▶ [EXERCISE REQUIREMENTS]
Find every line in the material below with the string "Women" and state how many there are, with no other text.

- - -

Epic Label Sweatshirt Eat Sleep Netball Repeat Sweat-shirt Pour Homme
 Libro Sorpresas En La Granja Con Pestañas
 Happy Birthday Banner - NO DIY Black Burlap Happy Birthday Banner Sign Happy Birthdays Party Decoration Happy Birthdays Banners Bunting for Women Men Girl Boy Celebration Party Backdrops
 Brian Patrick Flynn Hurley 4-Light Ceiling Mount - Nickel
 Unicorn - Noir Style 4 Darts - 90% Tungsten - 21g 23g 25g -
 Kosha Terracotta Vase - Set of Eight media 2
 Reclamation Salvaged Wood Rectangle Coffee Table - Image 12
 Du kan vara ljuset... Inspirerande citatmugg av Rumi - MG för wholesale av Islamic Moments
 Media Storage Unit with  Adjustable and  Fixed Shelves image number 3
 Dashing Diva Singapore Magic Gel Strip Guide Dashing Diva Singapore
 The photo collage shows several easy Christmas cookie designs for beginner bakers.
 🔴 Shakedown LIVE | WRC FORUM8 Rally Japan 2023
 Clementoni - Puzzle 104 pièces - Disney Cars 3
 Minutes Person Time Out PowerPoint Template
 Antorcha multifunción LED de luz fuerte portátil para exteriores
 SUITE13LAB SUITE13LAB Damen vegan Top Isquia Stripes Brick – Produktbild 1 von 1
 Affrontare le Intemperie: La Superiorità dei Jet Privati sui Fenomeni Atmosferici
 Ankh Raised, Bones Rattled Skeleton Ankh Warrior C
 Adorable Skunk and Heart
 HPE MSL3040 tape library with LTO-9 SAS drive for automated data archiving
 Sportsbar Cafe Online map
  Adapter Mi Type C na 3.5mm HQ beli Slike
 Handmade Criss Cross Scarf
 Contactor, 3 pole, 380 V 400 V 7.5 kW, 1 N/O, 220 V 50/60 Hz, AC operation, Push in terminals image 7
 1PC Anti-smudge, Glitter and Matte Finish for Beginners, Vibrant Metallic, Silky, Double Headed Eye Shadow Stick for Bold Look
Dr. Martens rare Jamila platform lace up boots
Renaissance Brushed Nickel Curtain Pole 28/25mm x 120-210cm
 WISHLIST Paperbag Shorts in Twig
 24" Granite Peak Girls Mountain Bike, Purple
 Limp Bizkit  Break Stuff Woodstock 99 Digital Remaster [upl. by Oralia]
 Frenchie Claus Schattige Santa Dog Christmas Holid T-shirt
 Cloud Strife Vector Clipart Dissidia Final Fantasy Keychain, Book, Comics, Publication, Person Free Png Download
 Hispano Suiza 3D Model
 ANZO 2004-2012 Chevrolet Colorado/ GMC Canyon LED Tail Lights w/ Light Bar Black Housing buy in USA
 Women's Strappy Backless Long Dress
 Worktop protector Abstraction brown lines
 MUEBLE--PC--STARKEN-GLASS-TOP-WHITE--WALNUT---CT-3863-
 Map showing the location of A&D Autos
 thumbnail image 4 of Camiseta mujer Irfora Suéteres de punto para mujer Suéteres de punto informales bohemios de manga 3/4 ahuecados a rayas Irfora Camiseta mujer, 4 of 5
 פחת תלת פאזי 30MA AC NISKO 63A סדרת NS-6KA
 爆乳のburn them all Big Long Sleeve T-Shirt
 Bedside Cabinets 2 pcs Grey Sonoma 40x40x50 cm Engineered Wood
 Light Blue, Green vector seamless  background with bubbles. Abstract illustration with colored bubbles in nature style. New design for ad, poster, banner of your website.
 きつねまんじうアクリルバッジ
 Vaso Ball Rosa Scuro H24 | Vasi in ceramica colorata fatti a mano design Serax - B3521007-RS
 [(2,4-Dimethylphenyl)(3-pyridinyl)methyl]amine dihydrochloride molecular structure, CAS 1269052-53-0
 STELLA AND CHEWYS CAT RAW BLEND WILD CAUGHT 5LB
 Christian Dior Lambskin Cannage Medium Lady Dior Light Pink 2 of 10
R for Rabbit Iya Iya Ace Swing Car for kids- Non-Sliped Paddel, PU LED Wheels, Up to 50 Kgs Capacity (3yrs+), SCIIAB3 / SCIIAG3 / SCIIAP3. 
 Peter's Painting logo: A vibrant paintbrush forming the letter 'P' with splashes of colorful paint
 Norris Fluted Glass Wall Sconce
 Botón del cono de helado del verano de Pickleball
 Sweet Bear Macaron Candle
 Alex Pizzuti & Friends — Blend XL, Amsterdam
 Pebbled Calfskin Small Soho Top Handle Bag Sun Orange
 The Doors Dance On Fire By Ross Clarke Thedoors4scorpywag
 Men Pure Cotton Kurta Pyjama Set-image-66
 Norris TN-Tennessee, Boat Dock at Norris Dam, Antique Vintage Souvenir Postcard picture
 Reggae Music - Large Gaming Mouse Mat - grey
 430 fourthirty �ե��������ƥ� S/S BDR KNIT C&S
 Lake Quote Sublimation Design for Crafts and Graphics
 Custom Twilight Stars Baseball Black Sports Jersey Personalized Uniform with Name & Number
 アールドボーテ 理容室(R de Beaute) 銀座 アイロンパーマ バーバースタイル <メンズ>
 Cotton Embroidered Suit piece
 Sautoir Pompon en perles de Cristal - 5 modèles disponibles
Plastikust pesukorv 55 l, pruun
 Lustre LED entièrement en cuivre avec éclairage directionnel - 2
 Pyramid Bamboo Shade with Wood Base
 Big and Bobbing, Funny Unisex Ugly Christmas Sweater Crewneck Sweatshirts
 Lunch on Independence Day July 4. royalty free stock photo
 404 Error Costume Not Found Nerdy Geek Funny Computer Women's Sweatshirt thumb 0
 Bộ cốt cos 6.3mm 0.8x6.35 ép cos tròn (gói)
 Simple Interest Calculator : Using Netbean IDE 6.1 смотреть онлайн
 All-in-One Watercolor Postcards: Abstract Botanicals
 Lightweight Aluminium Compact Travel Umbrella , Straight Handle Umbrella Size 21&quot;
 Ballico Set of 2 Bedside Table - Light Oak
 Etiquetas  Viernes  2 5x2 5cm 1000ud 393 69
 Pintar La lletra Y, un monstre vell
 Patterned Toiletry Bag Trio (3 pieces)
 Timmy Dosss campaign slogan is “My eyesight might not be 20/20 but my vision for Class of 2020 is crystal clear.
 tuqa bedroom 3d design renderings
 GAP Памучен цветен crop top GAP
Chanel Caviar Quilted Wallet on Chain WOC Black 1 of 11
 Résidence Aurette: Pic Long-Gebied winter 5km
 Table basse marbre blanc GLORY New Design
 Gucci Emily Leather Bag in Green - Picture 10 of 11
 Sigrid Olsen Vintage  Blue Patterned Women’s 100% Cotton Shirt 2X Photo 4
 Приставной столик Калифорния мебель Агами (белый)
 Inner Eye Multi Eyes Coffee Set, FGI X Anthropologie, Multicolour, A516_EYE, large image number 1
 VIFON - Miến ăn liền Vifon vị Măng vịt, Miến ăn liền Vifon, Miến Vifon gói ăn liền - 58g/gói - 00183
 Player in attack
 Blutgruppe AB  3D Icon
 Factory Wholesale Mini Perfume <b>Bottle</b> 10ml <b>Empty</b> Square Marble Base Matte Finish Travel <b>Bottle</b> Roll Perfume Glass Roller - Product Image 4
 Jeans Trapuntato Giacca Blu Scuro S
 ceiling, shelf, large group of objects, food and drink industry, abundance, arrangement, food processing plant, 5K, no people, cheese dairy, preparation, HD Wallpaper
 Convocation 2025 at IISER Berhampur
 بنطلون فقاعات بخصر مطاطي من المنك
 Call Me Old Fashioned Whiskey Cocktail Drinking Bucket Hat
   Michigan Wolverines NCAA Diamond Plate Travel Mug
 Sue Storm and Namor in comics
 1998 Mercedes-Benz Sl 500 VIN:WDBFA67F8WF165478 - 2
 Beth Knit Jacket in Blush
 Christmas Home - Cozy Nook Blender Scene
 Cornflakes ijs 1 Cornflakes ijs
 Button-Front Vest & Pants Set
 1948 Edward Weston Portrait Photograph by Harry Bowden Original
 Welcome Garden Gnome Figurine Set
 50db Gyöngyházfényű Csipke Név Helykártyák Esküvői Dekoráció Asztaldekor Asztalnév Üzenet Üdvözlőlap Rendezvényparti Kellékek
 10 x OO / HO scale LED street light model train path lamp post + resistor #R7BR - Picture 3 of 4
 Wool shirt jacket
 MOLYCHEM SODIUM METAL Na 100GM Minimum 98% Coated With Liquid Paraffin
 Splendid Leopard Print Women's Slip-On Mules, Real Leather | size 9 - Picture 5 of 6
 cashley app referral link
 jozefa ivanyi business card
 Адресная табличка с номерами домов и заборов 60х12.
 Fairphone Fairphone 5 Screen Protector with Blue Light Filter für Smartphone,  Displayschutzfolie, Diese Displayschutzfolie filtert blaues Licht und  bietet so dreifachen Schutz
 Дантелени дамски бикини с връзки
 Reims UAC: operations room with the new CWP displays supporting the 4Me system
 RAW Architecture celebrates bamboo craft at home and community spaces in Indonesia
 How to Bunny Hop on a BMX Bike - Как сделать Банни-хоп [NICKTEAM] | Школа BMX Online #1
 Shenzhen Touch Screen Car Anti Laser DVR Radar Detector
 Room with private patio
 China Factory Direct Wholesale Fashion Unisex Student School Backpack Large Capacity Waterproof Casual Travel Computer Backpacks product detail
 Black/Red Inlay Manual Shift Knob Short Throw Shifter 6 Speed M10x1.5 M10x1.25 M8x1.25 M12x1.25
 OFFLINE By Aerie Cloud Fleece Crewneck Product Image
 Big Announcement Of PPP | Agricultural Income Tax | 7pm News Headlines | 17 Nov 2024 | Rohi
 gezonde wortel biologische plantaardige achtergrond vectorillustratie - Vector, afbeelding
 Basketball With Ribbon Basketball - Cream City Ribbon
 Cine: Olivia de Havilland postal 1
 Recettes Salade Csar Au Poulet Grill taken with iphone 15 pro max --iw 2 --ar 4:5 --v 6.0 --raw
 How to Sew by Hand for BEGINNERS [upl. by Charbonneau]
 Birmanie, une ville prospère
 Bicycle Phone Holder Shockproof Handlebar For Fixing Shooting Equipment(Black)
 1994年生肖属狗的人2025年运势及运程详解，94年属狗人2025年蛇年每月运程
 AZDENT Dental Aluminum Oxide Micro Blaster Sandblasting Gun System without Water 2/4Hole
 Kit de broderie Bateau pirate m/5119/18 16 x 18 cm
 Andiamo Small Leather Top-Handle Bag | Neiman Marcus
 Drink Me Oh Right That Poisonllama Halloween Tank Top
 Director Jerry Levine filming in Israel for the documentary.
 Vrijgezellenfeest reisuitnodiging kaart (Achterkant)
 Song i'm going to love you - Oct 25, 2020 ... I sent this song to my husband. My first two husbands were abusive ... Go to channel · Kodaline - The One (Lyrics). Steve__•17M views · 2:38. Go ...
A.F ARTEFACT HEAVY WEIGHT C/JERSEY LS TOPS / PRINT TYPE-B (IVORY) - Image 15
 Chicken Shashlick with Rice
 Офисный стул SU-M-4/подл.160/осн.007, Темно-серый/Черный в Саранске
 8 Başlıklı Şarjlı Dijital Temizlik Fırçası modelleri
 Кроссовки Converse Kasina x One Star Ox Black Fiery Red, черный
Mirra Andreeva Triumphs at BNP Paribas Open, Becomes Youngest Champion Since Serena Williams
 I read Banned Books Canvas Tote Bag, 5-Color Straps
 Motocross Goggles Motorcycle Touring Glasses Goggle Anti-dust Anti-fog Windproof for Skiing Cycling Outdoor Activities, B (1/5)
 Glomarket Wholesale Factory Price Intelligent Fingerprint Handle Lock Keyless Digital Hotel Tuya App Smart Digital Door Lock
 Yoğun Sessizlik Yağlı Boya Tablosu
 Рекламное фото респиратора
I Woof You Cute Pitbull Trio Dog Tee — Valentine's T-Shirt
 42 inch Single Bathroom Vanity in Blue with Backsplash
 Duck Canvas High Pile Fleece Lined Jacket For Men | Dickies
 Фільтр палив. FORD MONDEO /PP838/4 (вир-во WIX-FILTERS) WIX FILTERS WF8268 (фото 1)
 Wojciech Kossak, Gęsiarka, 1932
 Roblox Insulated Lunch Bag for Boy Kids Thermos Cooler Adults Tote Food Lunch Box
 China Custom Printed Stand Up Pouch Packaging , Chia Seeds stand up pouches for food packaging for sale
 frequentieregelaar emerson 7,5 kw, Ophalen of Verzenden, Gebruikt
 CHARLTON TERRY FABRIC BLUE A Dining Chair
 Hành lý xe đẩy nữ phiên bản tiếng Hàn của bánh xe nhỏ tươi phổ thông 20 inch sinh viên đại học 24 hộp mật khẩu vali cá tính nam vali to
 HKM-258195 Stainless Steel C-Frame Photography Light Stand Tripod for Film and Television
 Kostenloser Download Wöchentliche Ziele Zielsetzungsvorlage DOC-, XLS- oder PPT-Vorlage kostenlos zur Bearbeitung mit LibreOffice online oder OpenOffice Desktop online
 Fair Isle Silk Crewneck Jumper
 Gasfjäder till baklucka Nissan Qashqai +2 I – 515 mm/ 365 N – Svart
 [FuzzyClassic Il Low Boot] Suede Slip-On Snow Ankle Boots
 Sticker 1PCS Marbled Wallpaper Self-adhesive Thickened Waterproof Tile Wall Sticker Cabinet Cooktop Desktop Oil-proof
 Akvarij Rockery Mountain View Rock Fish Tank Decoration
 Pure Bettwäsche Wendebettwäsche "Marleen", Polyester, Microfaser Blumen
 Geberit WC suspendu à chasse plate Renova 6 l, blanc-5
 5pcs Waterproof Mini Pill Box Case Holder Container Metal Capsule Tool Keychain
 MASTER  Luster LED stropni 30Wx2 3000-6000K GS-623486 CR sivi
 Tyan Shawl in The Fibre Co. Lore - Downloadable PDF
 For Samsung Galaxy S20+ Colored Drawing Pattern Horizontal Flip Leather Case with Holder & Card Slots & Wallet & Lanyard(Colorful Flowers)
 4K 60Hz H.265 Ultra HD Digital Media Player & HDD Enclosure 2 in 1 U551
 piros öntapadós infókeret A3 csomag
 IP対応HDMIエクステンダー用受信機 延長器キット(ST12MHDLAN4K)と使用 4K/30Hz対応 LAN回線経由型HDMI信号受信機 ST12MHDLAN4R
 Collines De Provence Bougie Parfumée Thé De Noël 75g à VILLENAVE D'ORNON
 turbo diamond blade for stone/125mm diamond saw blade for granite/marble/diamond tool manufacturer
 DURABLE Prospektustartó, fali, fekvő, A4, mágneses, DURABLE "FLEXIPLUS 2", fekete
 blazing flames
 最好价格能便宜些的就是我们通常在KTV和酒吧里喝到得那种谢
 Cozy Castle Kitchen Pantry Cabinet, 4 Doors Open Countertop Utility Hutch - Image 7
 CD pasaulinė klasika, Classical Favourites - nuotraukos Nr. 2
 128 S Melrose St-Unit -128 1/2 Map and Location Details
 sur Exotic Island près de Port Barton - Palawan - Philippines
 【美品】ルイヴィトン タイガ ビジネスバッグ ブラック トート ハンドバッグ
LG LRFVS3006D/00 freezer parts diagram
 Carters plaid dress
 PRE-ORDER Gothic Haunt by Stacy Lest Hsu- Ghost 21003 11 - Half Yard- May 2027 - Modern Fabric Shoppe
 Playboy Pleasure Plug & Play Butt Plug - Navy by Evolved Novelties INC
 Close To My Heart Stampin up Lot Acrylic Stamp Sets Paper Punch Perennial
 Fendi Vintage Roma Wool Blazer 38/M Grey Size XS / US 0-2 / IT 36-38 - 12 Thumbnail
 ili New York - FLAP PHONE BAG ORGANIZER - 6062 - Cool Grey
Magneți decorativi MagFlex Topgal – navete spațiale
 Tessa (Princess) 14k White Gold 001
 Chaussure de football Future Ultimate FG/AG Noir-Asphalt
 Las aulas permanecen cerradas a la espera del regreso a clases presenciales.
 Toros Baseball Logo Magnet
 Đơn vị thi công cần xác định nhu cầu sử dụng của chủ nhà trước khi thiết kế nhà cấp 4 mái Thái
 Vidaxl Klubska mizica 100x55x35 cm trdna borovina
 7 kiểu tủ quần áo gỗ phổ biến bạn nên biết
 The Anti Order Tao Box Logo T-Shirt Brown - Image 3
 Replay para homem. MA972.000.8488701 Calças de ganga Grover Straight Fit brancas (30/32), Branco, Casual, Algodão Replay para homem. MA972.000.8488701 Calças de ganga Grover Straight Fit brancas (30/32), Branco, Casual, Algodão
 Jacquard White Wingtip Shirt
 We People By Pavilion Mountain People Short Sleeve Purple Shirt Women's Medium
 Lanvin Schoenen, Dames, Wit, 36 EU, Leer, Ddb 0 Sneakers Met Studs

- - -

▶ [SOLUTION TO THE EXERCISE]
6